## INSTRUCTIONS FOR THE TASK
Nothing but the lines from the start of the records below through the line that has "1995-1996 Nissan 240SX" should appear, each exactly as given.

Stored records:
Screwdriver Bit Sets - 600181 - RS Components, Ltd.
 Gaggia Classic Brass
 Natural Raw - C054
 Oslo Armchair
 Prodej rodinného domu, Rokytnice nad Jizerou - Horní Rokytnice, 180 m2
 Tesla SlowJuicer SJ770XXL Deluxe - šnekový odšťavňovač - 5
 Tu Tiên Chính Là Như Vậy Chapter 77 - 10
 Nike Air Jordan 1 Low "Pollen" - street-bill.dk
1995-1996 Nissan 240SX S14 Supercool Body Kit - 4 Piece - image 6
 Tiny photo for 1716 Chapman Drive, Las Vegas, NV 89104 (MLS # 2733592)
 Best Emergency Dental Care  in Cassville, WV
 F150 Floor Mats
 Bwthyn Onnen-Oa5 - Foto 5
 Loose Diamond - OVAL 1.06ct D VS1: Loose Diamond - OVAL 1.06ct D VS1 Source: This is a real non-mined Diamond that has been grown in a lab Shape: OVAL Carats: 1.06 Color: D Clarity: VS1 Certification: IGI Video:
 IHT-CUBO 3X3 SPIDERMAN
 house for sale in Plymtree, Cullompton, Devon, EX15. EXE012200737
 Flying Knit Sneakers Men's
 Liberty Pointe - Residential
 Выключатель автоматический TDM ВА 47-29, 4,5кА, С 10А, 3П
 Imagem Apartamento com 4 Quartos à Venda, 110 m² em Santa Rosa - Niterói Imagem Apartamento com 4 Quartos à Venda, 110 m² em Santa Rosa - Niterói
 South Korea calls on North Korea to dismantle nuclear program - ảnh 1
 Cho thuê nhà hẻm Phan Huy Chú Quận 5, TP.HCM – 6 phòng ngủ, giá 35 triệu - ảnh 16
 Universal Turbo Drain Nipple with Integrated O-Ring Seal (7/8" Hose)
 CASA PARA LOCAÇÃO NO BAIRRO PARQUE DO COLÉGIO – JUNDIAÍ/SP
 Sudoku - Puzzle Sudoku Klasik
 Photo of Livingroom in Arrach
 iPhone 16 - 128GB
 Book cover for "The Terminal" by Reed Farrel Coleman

## RESPONSE
Screwdriver Bit Sets - 600181 - RS Components, Ltd.
 Gaggia Classic Brass
 Natural Raw - C054
 Oslo Armchair
 Prodej rodinného domu, Rokytnice nad Jizerou - Horní Rokytnice, 180 m2
 Tesla SlowJuicer SJ770XXL Deluxe - šnekový odšťavňovač - 5
 Tu Tiên Chính Là Như Vậy Chapter 77 - 10
 Nike Air Jordan 1 Low "Pollen" - street-bill.dk
1995-1996 Nissan 240SX S14 Supercool Body Kit - 4 Piece - image 6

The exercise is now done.